━━ Data extract ━━

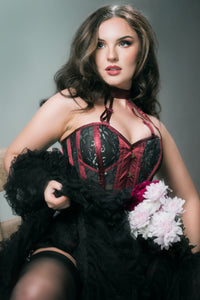 Burgundy Mesh Overbust Lingerie Corset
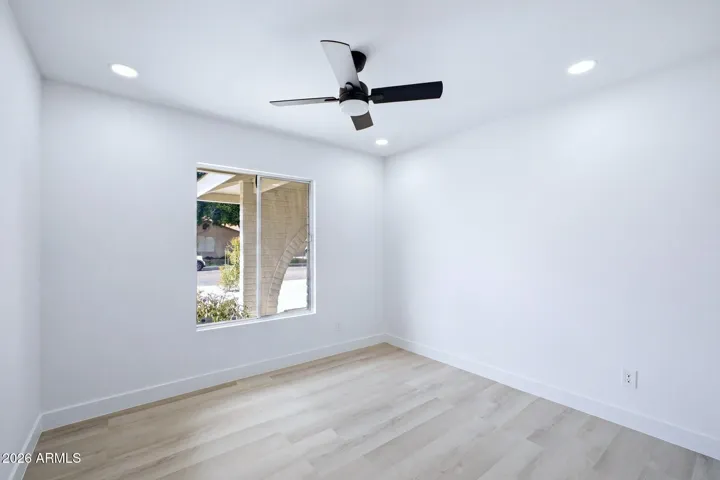 2nd bedroom, new fan, new window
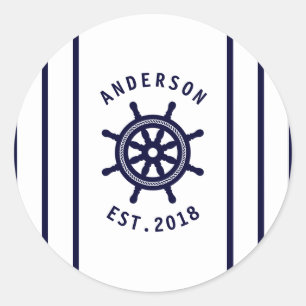 Nautical Wheel And Navy Blue Striped Maritime Classic Round Sticker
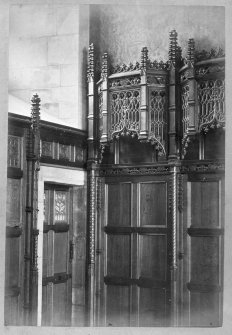 Great Hall detail of tabernacle work  (wooden tracery)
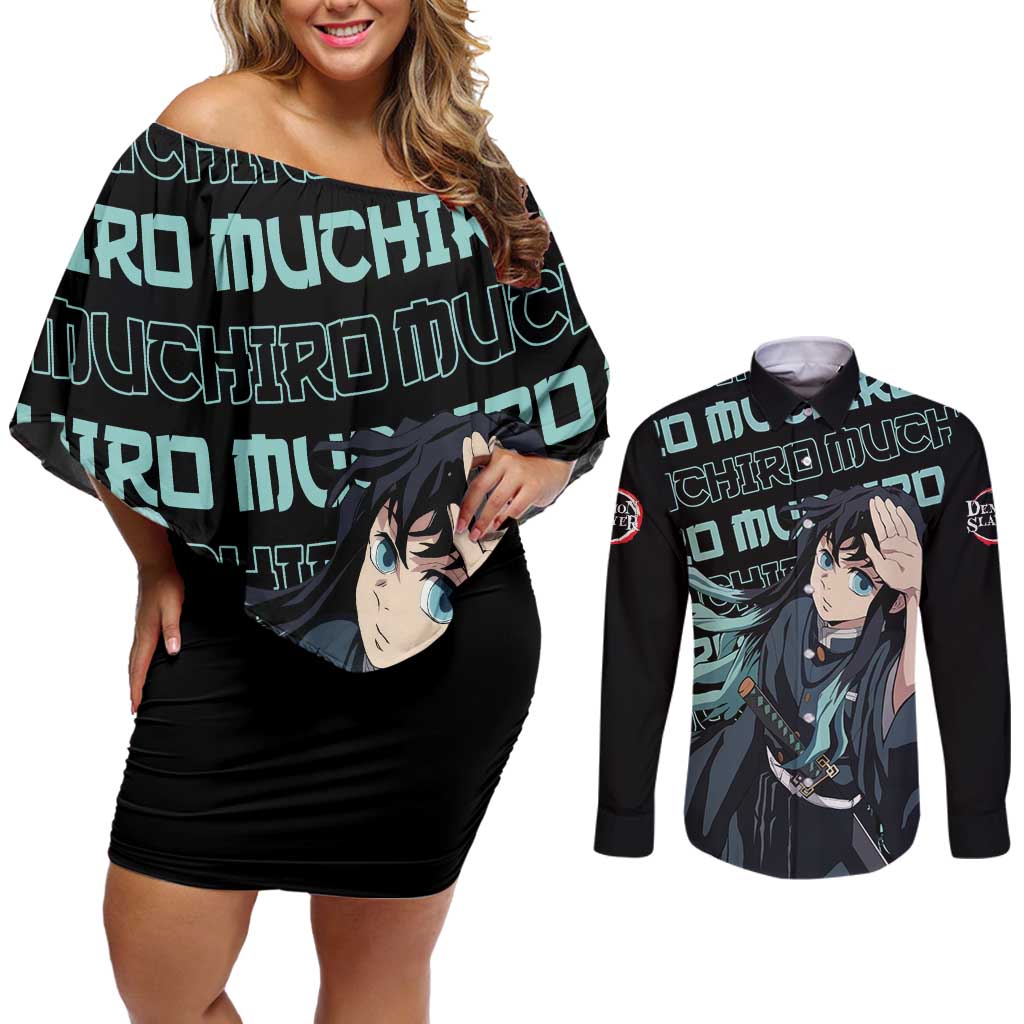 Muichiro Tokito - Demon Slayer Couples Matching Off Shoulder Short Dress and Long Sleeve Button Shirt Anime Mix Pattern Style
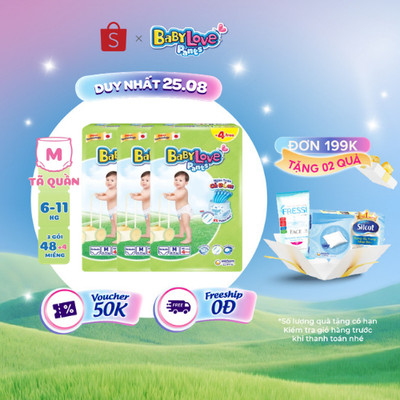 Bộ 3 Tã quần Baby Love - Ngăn Tràn Cả Đêm size M/L/XL/XXL/XXXL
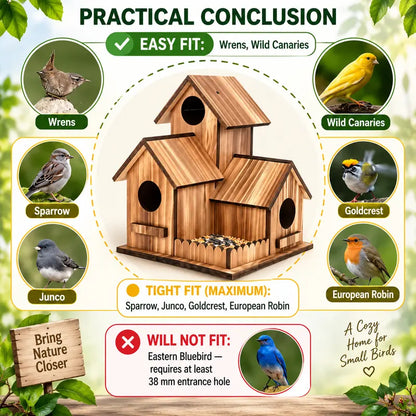 Large Wooden Birdhouse with 3 Nesting Chambers, Outdoor Hanging Bird House and Feeding Platform, Natural Wood Shelter for Small Wild Birds, Decorative Bird Home for Garden Backyard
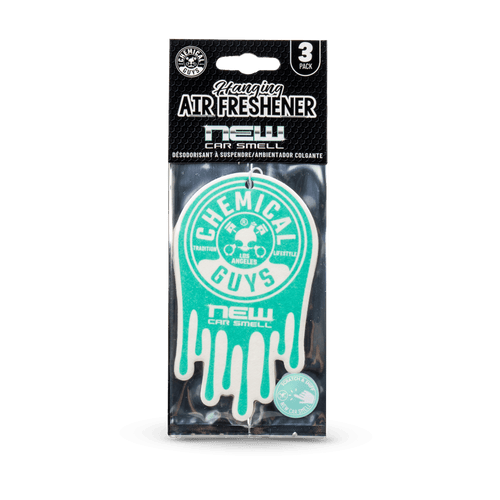 Packaged Chemical Guys 'New Car Smell' hanging air freshener in clear blister pack with logo and teal drip-shaped scent card.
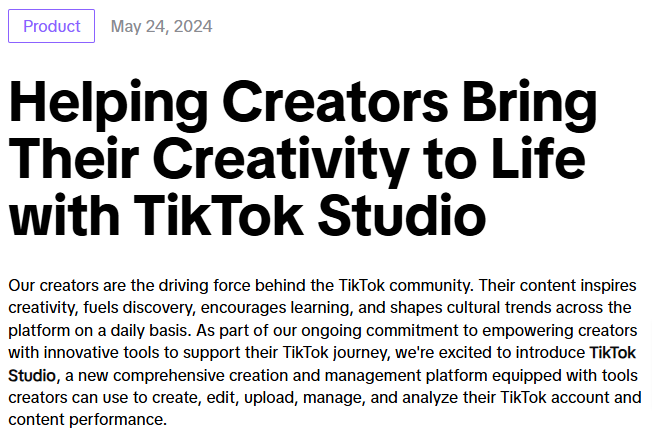 tiktok studio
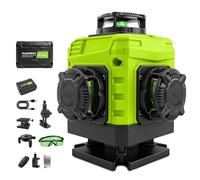 Laser Level, Self-Leveling 4 x 360°, 4D 16 Lines Lazer Level Tool, Green Laser Spirit Levels with 4 Bracket, Remote Control, Pulse Mode, IP54 Waterproof (with 1pc 800mAh Battery)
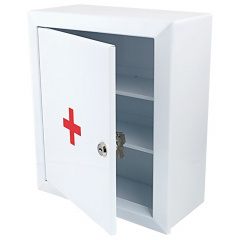 Шкафчик-аптечка металлический "Призма", навесной, 2 полки, ключевой замок, 330x280x140 мм фото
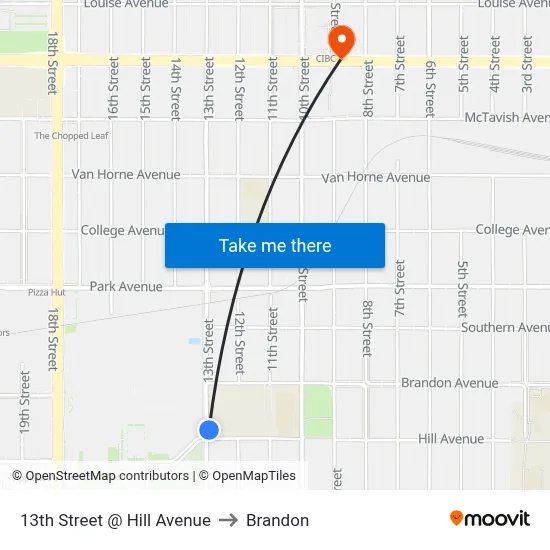 13th Street @ Hill Avenue to Brandon map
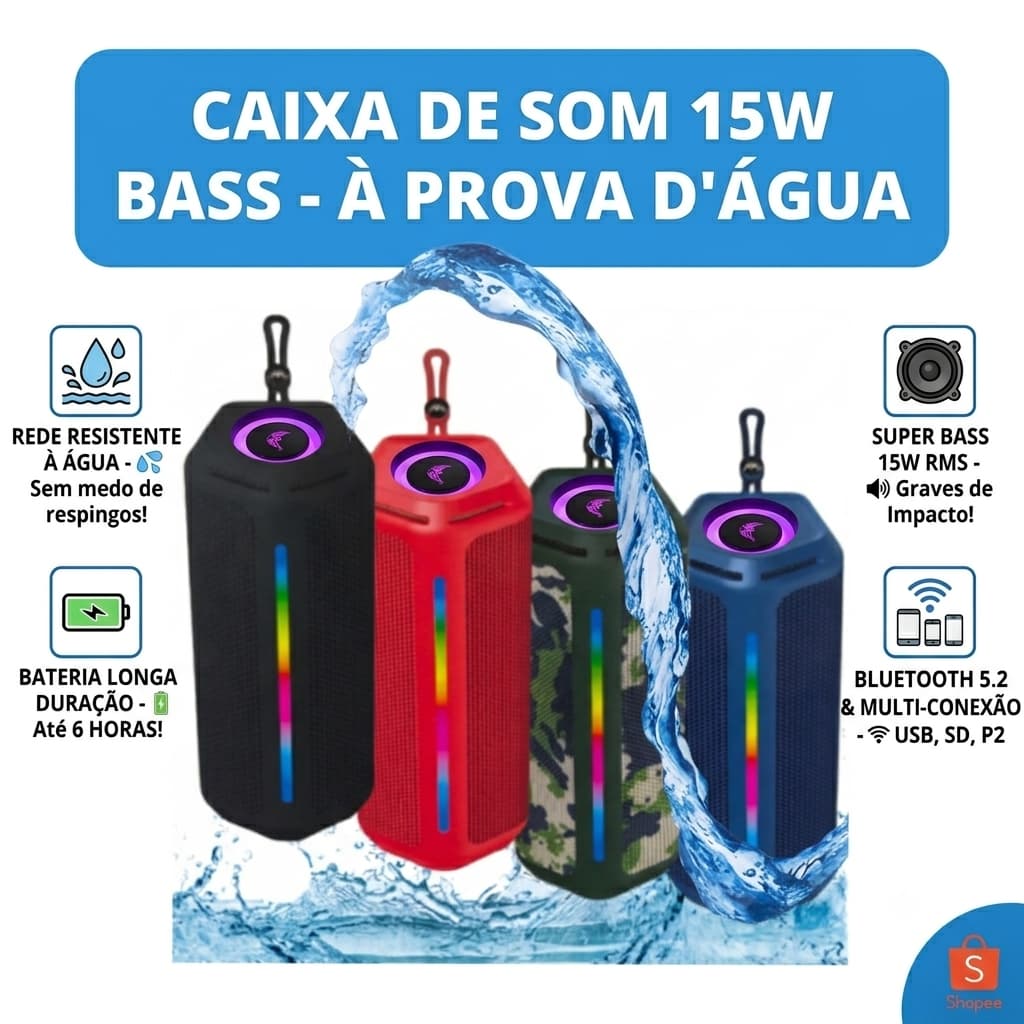 Caixa De Som Portátil Bluetooth À Prova D'água Potente 15W Bass Recarregável USB Cartão P2 Premium
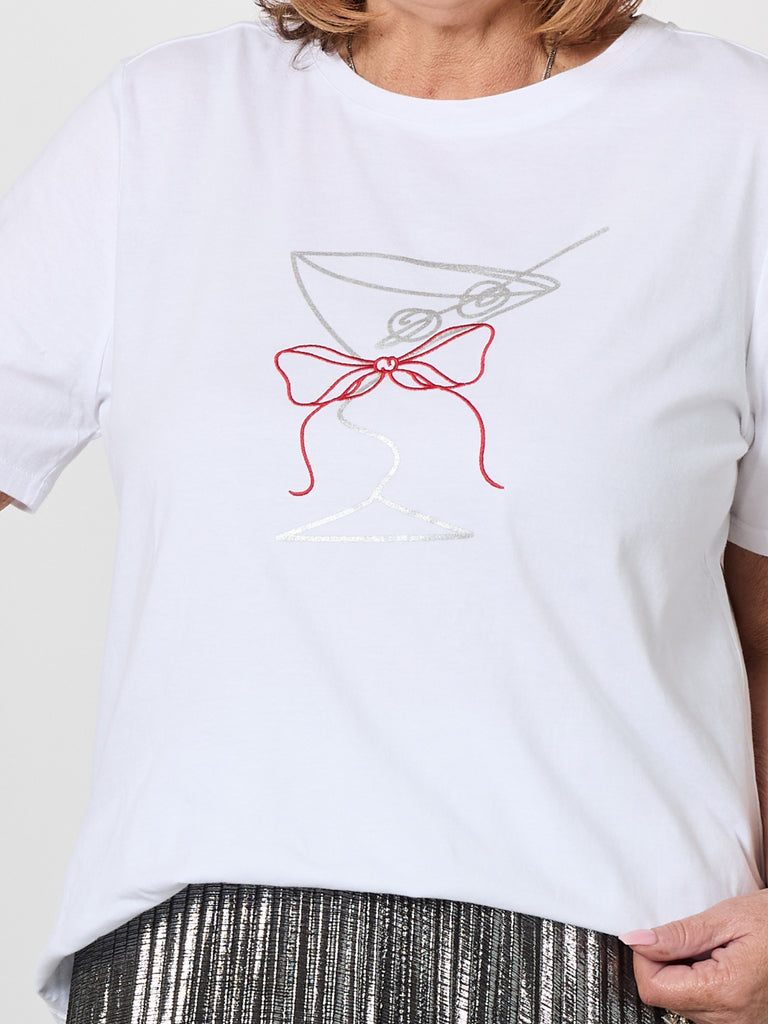 Martini Print Tee - White rc&co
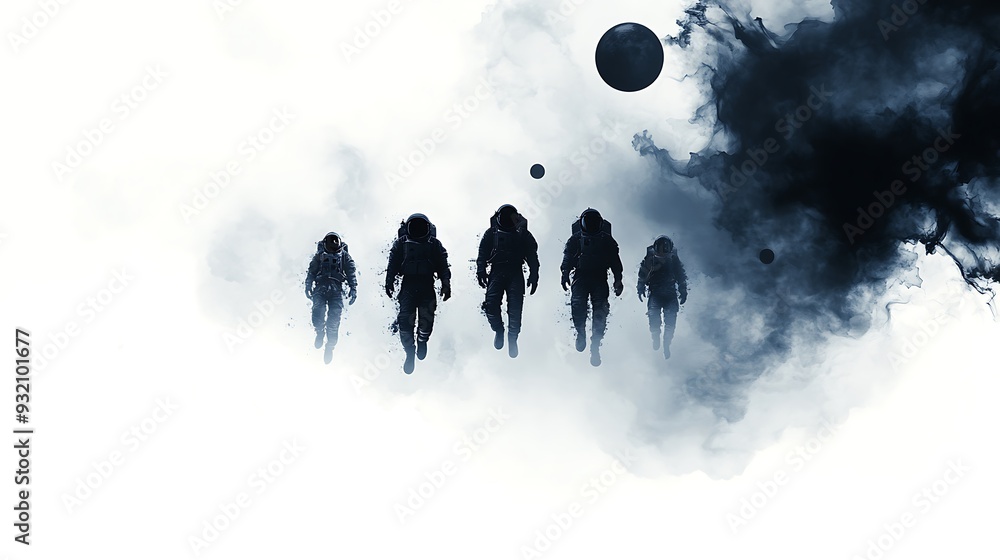 Poster out-of-this-world astronauts floating in space surrounded by nebulous clouds - concept of isolation 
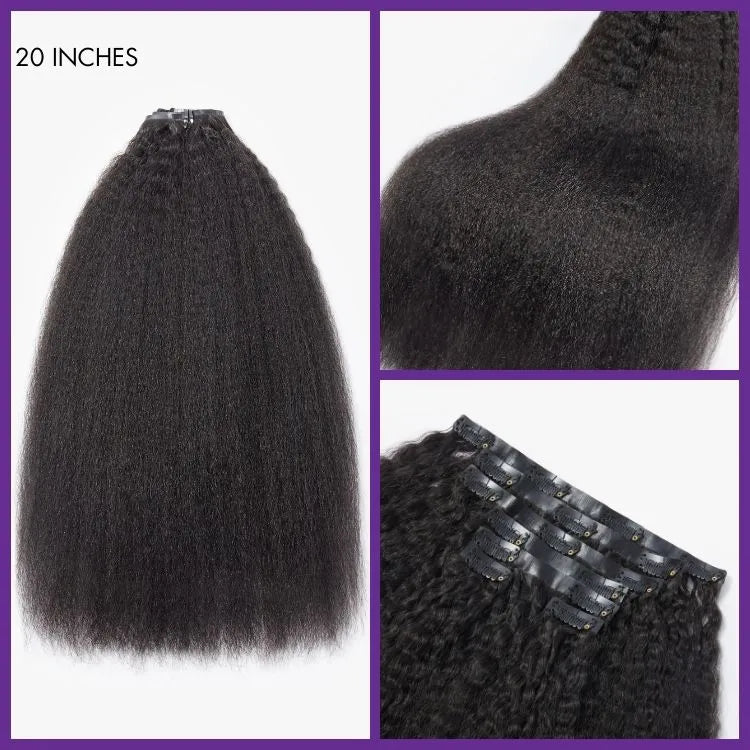 Full Hair Kinky Straight Seamless Clip in Human Hair Extensions Hair Pieces 135g 9pcs / 7pcs with Free Gift - Limited Offer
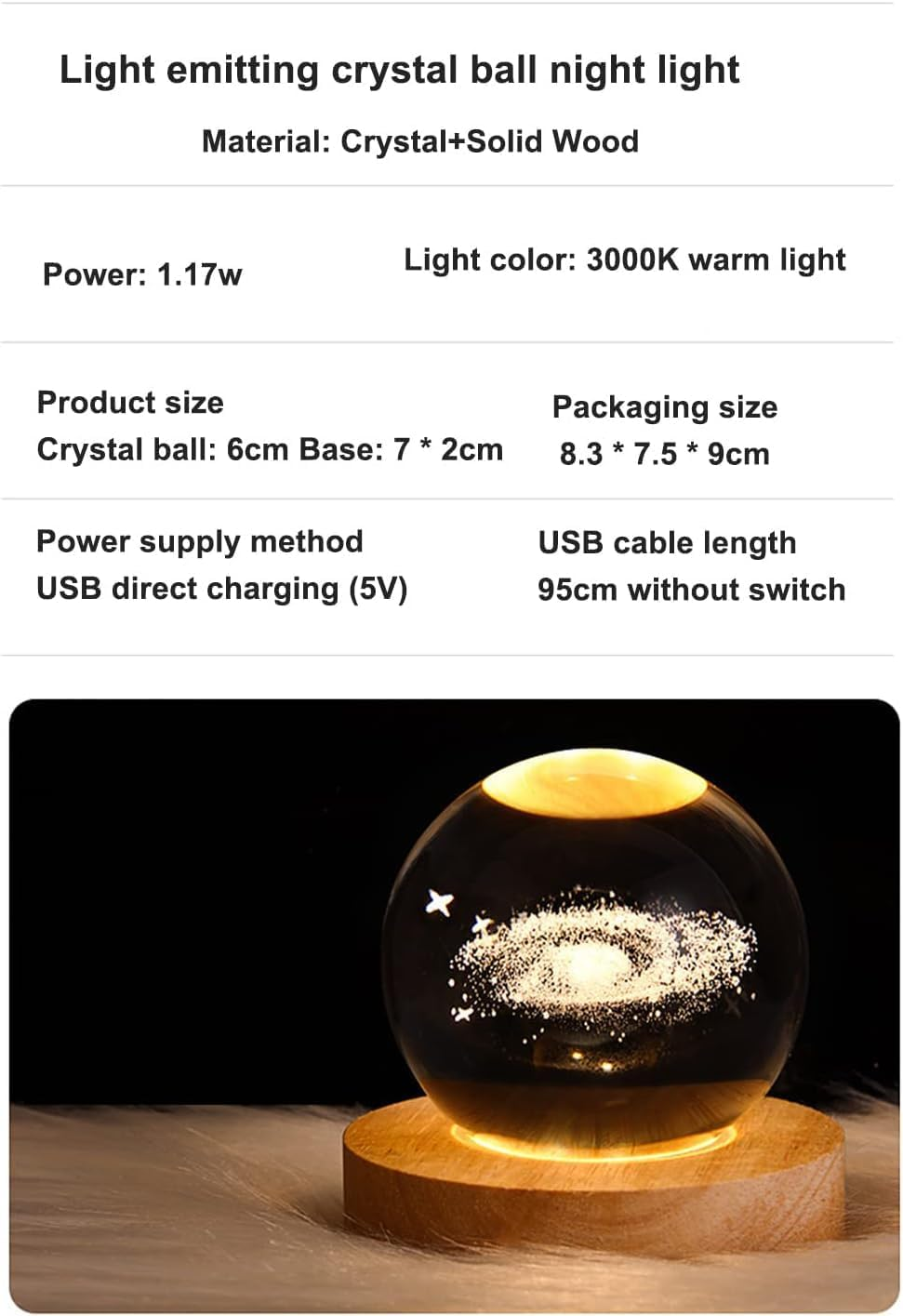 Rynova 3D Saturn Crystal Night Light for Kids Glass Night Lamp with Wooden Base Fantasy Decoration Crsytal Ball Saturn LED Galaxy Planet Nightlight Bedroom Decor image number 5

━━━

Activity: Please transcribe exactly the part of the records that opens with the line containing "Great Hall detail" and closes with the line containing "Bộ 3 Tã quần", both ends included, and leave out the pictures.

Exercise solution:
 Great Hall detail of tabernacle work  (wooden tracery)
 Muichiro Tokito - Demon Slayer Couples Matching Off Shoulder Short Dress and Long Sleeve Button Shirt Anime Mix Pattern Style
 Bộ 3 Tã quần Baby Love - Ngăn Tràn Cả Đêm size M/L/XL/XXL/XXXL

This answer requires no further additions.